We only focus on these three metrics that can be detected through static analysis. While there are other metrics that can be used to measure the sophistication of malware, such as stealthy network communication, self-deleting execution, they require executing the malware in a targeted environment. Since it is difficult to determine the targeted environment for executing malware, we leave out the dynamic analysis.

3.1 Anti-debugging Techniques

In order to thwart debuggers, malware authors use anti-debugging techniques to detect the presence of debuggers and compromise the debugging process. There are many anti-debugging techniques, we focus on detecting the anti-debugging techniques that are known in literature [10]. Since the complete list of anti-debugging techniques is too verbose, we only show those are detected in our malware dataset, as shown in Table 2.

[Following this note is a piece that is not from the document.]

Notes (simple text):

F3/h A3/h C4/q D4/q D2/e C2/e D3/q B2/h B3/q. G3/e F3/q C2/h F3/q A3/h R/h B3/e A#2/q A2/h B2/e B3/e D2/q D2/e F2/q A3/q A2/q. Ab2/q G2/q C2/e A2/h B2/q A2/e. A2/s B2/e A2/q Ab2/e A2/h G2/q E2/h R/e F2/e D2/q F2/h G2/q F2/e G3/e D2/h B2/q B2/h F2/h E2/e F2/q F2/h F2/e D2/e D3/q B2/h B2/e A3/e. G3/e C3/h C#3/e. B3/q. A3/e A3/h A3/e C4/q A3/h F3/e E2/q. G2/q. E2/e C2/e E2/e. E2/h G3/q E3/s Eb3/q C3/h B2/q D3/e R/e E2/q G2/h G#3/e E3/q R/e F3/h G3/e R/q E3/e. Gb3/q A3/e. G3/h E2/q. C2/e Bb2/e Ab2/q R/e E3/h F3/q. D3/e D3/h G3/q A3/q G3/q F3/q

The anti-debugging techniques that are found in our study can be categorized into three types. The use of Windows APIs is the easiest way to detect a debugger. Additionally, malware can check several flags within the PEB (Process Environment Block) structure and the process’ default heap structure to detect debuggers. The third way to use some instructions that trigger characteristic behavior of debuggers (e.g., use RDTSC to measure execution time).

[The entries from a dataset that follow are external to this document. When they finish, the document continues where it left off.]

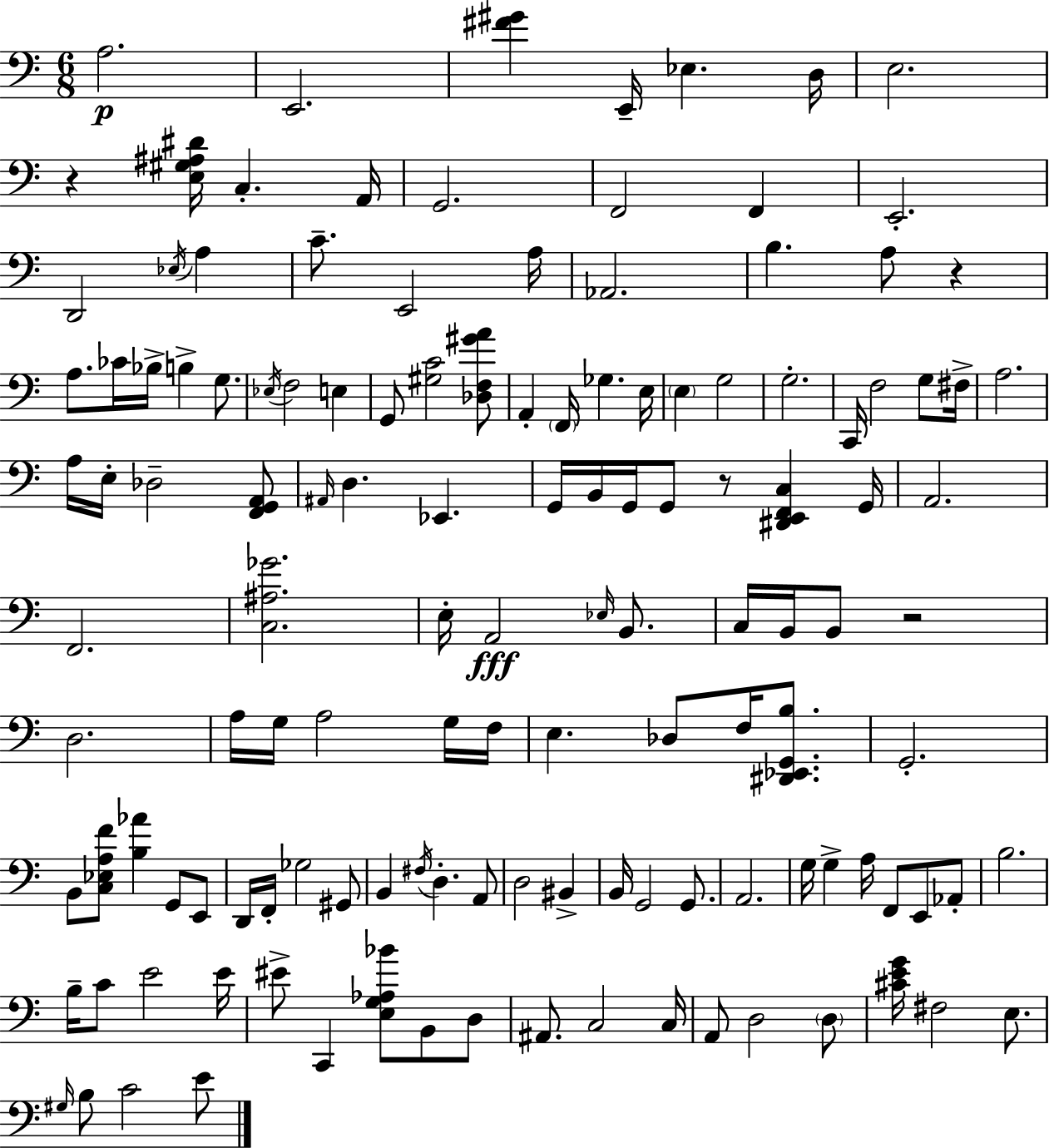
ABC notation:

X:1
T:Untitled
M:6/8
L:1/4
K:Am
A,2 E,,2 [^F^G] E,,/4 _E, D,/4 E,2 z [E,^G,^A,^D]/4 C, A,,/4 G,,2 F,,2 F,, E,,2 D,,2 _E,/4 A, C/2 E,,2 A,/4 _A,,2 B, A,/2 z A,/2 _C/4 _B,/4 B, G,/2 _E,/4 F,2 E, G,,/2 [^G,C]2 [_D,F,^GA]/2 A,, F,,/4 _G, E,/4 E, G,2 G,2 C,,/4 F,2 G,/2 ^F,/4 A,2 A,/4 E,/4 _D,2 [F,,G,,A,,]/2 ^A,,/4 D, _E,, G,,/4 B,,/4 G,,/4 G,,/2 z/2 [^D,,E,,F,,C,] G,,/4 A,,2 F,,2 [C,^A,_G]2 E,/4 A,,2 _E,/4 B,,/2 C,/4 B,,/4 B,,/2 z2 D,2 A,/4 G,/4 A,2 G,/4 F,/4 E, _D,/2 F,/4 [^D,,_E,,G,,B,]/2 G,,2 B,,/2 [C,_E,A,F]/2 [B,_A] G,,/2 E,,/2 D,,/4 F,,/4 _G,2 ^G,,/2 B,, ^F,/4 D, A,,/2 D,2 ^B,, B,,/4 G,,2 G,,/2 A,,2 G,/4 G, A,/4 F,,/2 E,,/2 _A,,/2 B,2 B,/4 C/2 E2 E/4 ^E/2 C,, [E,G,_A,_B]/2 B,,/2 D,/2 ^A,,/2 C,2 C,/4 A,,/2 D,2 D,/2 [^CEG]/4 ^F,2 E,/2 ^G,/4 B,/2 C2 E/2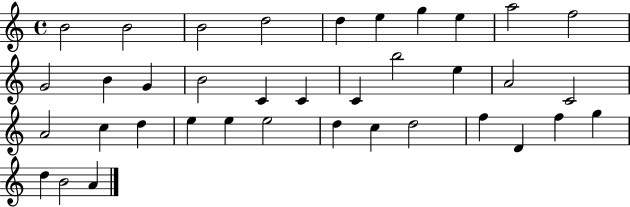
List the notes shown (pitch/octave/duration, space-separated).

B4/h B4/h B4/h D5/h D5/q E5/q G5/q E5/q A5/h F5/h G4/h B4/q G4/q B4/h C4/q C4/q C4/q B5/h E5/q A4/h C4/h A4/h C5/q D5/q E5/q E5/q E5/h D5/q C5/q D5/h F5/q D4/q F5/q G5/q D5/q B4/h A4/q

Table 2. Popular anti-debugging techniques

To detect these anti-debugging techniques in a malware sample, we first look for the Windows APIs in the import address table (IAT) of the PE file. Next, we use IDA [1] to automatically disassemble the sample and generate an assembly listing file, and then search for the specific instructions in the assembly listing file to detect the use of flags and instructions. If any of these techniques are found in the IAT or the assembly listing file, we consider the malware sample use anti-debugging techniques.

3.2 Anti-VM Techniques

There are mainly three types of VM detection techniques [20, 21]: (1) Interaction based. Sandboxes emulate physical systems, but without a human user. Malware detects VM by checking common human interactions such as mouse movement and mouse clicks. (2) Artifacts based. Virtual machines may have unique artifacts such as service list, registry keys, etc. And some CPU instructions such as SIDT have characteristic results when executed inside virtual machines. Malware can leverage these differences to detect sandboxing environment. (3) Timing based. Due to the large number of file samples to examine, sandboxes typically monitor files for a few minutes. Malware authors can configure the malware to execute only after some sleeps, or after a given date and time, in order to avoid being analyzed. Table 3 shows the anti-VM techniques that are found in our malware samples. Details about these techniques can be found in [20, 21].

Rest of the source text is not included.